▸ **Problem to solve**
Up to and including the line that contains "For master data", repeat the entries below exactly from the first line on. Do not carry over any pictures.

▸ **Data records**
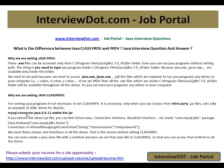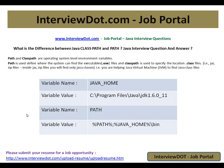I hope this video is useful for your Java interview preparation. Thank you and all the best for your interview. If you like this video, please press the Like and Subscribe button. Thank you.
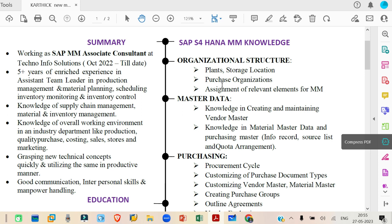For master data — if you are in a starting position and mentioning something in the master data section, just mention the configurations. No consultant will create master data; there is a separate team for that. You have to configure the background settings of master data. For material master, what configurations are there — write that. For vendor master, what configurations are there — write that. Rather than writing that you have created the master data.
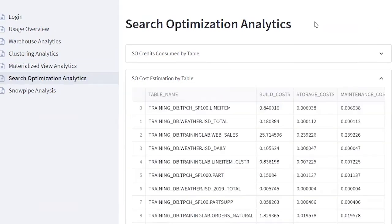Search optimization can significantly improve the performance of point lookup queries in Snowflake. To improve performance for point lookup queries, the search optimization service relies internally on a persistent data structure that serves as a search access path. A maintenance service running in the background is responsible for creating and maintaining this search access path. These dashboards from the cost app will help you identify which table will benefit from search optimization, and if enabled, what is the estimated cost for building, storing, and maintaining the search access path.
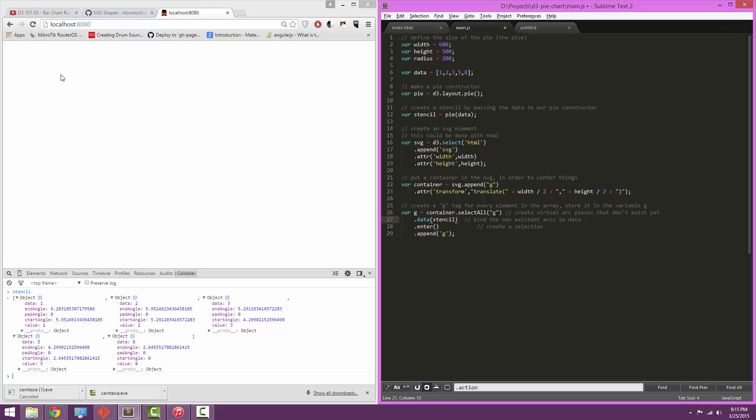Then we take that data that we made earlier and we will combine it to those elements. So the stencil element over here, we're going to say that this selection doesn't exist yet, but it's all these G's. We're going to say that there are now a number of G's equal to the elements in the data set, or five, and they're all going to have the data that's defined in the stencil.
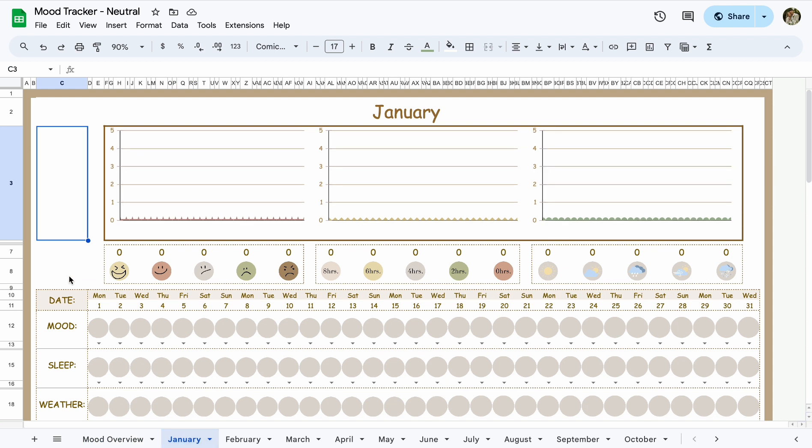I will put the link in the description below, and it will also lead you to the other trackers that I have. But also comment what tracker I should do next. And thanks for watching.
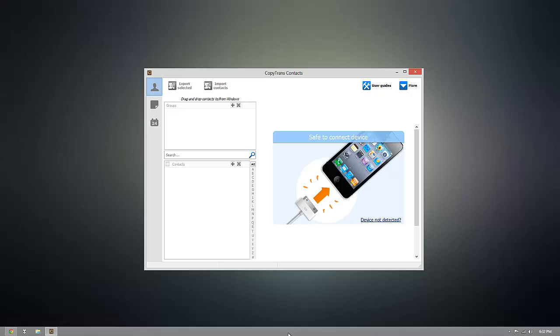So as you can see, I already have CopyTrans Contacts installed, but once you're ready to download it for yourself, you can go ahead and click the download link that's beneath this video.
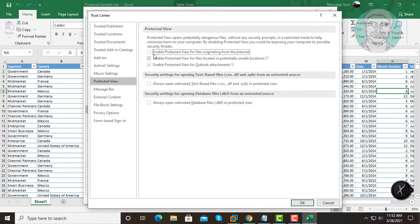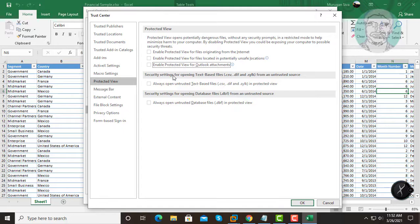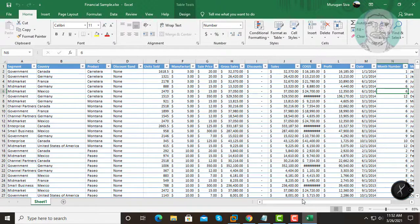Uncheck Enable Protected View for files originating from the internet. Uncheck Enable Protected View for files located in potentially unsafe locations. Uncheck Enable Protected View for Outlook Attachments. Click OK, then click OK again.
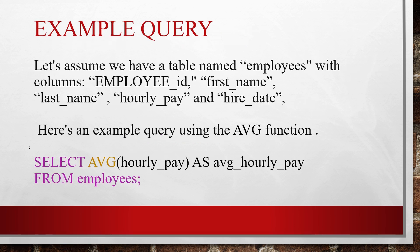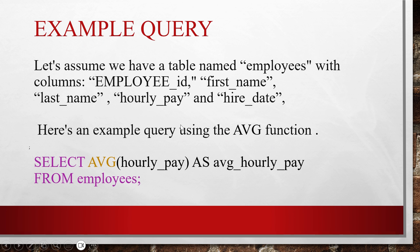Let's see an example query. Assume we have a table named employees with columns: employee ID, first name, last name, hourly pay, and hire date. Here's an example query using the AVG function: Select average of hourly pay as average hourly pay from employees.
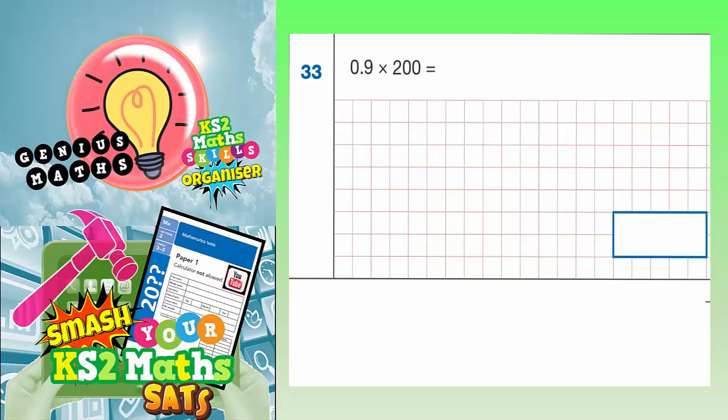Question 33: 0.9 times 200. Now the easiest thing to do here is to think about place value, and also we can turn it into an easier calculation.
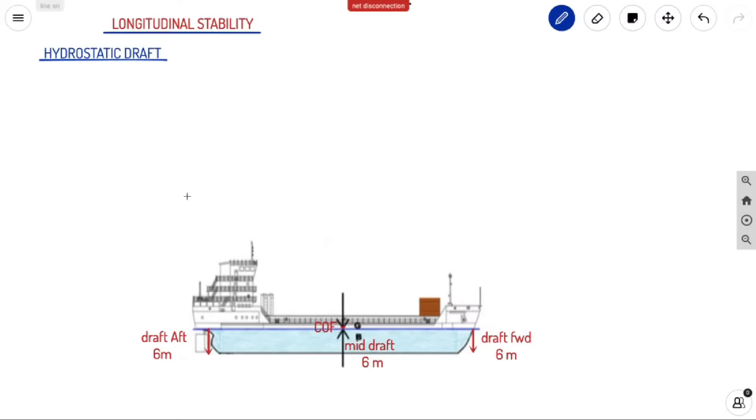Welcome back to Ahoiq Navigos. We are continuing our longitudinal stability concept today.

▸ **Result below**
I hope this video is useful for your Java interview preparation. Thank you and all the best for your interview. If you like this video, please press the Like and Subscribe button. Thank you.
For master data — if you are in a starting position and mentioning something in the master data section, just mention the configurations. No consultant will create master data; there is a separate team for that. You have to configure the background settings of master data. For material master, what configurations are there — write that. For vendor master, what configurations are there — write that. Rather than writing that you have created the master data.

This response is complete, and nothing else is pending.